# who has the best pound pump for the bucks???



## Daniel Peck (Mar 31, 2009)

who has the best pound pump for the bucks??? Lowes last about 1/2 year to a year and they die... Looking for a pump that will last!!!!!!!! I am alost thinking of using a pool pump! Any and all input is welcomed....



thanks
Daniel Peck


----------



## Greg Elmassian (Jan 3, 2008)

How many pounds do you need? ok, a joke! 

I don't like inexpensive pumps, they quit, I bought an expensive one and it is running great 10 years later. 

In my mind, not replacing it in 10 years is the best for the buck. (oh, it runs 24/7) 

mine is an Oase, very nice stuff... 

Regards, Greg


----------



## altterrain (Jan 2, 2008)

I don't know what size you need as far as GPH but I have used Alpine pumps in a few installs and they have run flawlessly - http://www.pondliner.com/category/alpine_tornado_pumps. I can also recommend Oase but they tend to be a bit more expensive. I once picked up a pond pump at Lowe's and it ran a total of 30 mins! Never again. 

-Brian


----------



## sbaxters4 (Jan 2, 2008)

well I have one from my local menards home store and it has run great for me... it was only about $100.00 and it's a 4300 gph pump!!


----------



## Totalwrecker (Feb 26, 2009)

For ponds best to get a pump made for dirty water and continuous duty. You get what you pay for... 

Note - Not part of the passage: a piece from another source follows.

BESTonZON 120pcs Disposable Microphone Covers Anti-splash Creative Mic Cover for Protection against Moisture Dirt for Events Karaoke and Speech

Used to be anyway.... but even expensive pumps aren't as good as they used to be. As caretaker at Grogan Manor I have 8 water pumps to maintain! In 3 years two huge pool pumps have failed as well as one fountain pump.... I also do well repairs and that includes changing out bad pumps for good. Word from the supplier was 1 in 3 (new pumps) will fail.... 

John


----------



## Daniel Peck (Mar 31, 2009)

which pump do you have??? about how many GPH is it???
You ar right.... about time I replace the same pump each year at $130 each I would be better off.....


----------



## Jerry Barnes (Jan 2, 2008)

We went through quite a few of the expensive pumps and they all failed. Found a Sunterra pump at our local farm store. I think the big Box stores have them also and Sears. Been going for years now.


----------